Coffin initialed “M.C.” found in Cervantes search

The team of archaeologists and anthropologists searching for the remains of Miguel de Cervantes in the crypt of Madrid’s Convent of the Barefoot Trinitarians have found fragments of a casket with the initials “M.C.” on one of the pieces. The partial casket was found in one of the niches in the north wall along with rocks and some bone fragments. The initials are formed with half-inch tacks pressed into the wood. The tacks are made of an unknown metal and are corroded to a green color.

When researchers first examined the niche with an endoscope microcamera, they saw bone material, but they appeared to be a mix of at least 10 different individuals, including the remains of at least one infant.
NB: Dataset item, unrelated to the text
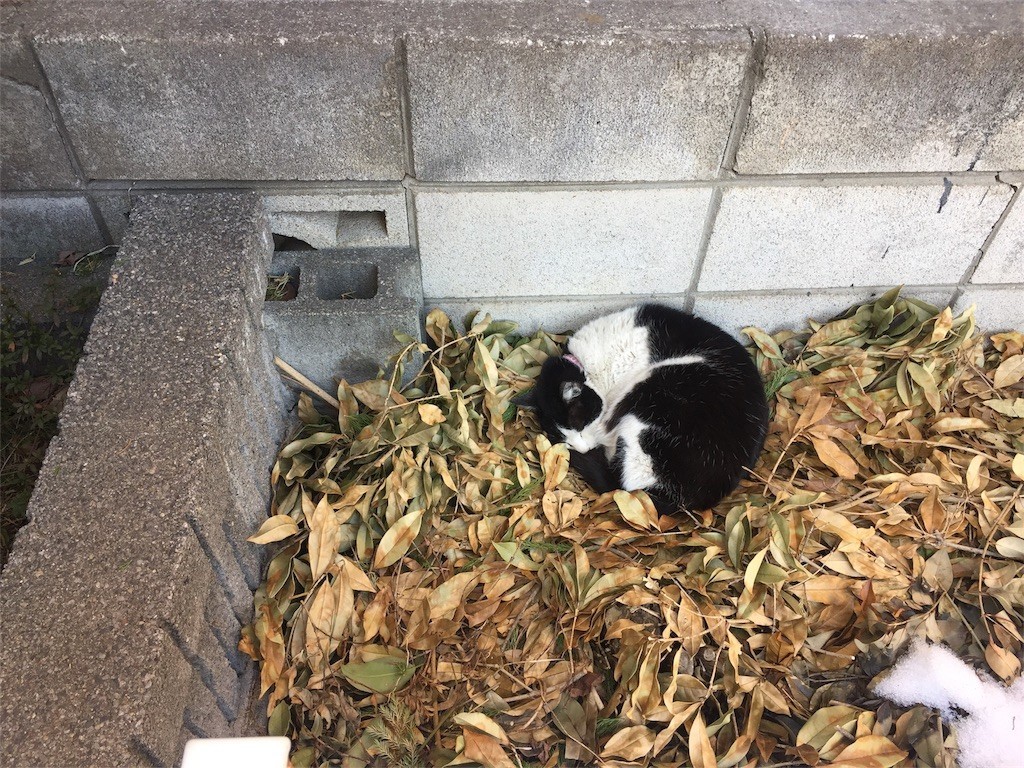 f:id:nununi:20180128092859j:image f:id:nununi:20180128092859j:image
The mixture of skeletal remains and their position at the foot of the enclosure suggested this was not a primary burial but the result of a reinterral. After the forensic team removed the bones, they recovered the fragments of the coffin.

The discovery was made on Saturday around noon. Earlier that morning the press had been allowed into the crypt to take pictures and observe the CSI-style team at work (hence this story). There was some excitement at the time when a group of researchers gathered around one of the gravesites found 4.8 meters under the floor which was outlined by a perimeter of bricks. Those remains turned out to be those of a young child under seven years of age at time of death.

It was Sunday when the team realized upon close examination of the coffin pieces that while moisture and insects had caused the coffin to fall to pieces, a significant piece from the head of the wooden casket had survived. Because sometimes in life luck happens, that piece had the initials tacked into it.

As suggestive as this find is, it doesn’t allow anything like a conclusion right now. There could have been another individual with the initials M.C. buried in the convent crypt. It could have been Cervantes’ coffin but his bones may have been lost in transit. It could be his coffin and his bones but we’ll never know because the remains are insufficient to determine identity.

The forensic anthropologists are now separating out all the bones exhumed from the niche. First the bones of children, which are easily distinguished from those of adults, will be isolated from the pile. Then the team will arrange the rest by sex and examine any adult male remains for indications that they once formed the endoskeletal structure of the great writer of the Spanish Golden Age: atrophy in the metacarpals of the left hand and bullet wounds in the chest from shots Cervantes took at the Battle of Lepanto, advanced tooth loss, kyphosis (aka, a hunchback) brought on by severe arthritis.

In addition to osteological evidence, researchers are also looking at the coffin itself to see if its consistent with the coffin that would have held Cervantes. The wood can be radiocarbon dated, or maybe even tree-ring dated if their luck holds, and textile fragments amidst the decaying organic material may be identifiable as part of the Franciscan religious habit in which Cervantes, who joined the Third Order of St. Francis shortly before his death, was buried.